Violent death, with its shroud of red, once more walks along the streets of Karachi and besides the 15 million people who live there. More than 90 have died within four days — 13 in attacks on three buses. The gunmen who freely roam the streets shoot indiscriminately, though there is, as before, an ethnic dimension to the killings. Political parties have been accused of fuelling these tensions, using murder and terror as a tactic in the ruthless game played out in the city. People’s lives have been paralysed in many neighbourhoods, where a state of siege prevails, preventing anyone from stepping outdoors as the terrifying sound of gunfire echoes constantly.

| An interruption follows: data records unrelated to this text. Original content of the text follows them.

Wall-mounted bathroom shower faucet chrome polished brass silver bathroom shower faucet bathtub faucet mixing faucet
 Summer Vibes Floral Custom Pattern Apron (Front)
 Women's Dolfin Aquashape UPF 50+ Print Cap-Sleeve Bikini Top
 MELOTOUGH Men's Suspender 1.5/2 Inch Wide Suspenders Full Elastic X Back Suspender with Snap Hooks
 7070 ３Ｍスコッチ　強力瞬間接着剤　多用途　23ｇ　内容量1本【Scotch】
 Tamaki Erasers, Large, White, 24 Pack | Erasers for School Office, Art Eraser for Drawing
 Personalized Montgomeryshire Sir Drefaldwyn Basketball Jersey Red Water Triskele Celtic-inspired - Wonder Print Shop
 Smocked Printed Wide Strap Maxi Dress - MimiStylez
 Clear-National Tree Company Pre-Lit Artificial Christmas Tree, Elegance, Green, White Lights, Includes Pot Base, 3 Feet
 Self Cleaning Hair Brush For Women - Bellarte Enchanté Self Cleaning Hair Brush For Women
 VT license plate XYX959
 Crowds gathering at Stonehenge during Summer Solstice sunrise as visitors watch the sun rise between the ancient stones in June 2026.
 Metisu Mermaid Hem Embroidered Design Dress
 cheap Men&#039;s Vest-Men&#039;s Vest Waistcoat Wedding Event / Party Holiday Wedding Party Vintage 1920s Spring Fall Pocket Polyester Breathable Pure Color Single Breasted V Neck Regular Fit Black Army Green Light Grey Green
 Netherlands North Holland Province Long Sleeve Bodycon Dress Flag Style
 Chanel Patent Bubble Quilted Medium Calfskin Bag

There have been 490 deaths in Karachi in the first six months of 2011, according to the Human Rights Commission of Pakistan, while 748 targetted killings took place the previous year. The latest orgy of death is then neither a new phenomenon nor an unexpected one. What we must ask is precisely what the government is doing to control the situation. The police and paramilitary troops out on the streets seem to be serving little purpose as the violence continues. For several years now, Karachi has been used as a theatre to play out political power games; people have been reduced to the status of mere pawns in this tussle their lives do not matter, the tragedies faced by thousands of families seemingly moves no one.
This simply cannot continue. The rhetoric we hear once again from the interior minister — who claims to know who is the behind the violence — and other leaders is meaningless. The words being spouted out have been heard before. They offer no reassurance or confidence at all and the vague promises of ‘crackdowns’ are not combined with any measures that can act to reduce the regular upsurge of violence in Karachi. What is urgently needed is a programme to de-weaponise the city — where there are some 20 million small arms present in the hands of civilians, according to international monitoring groups — make security forces more effective and tame the demons that have turned our commercial capital into a zone of death which poses a threat to everyone who lives there.
Published in The Express Tribune, July 9th, 2011.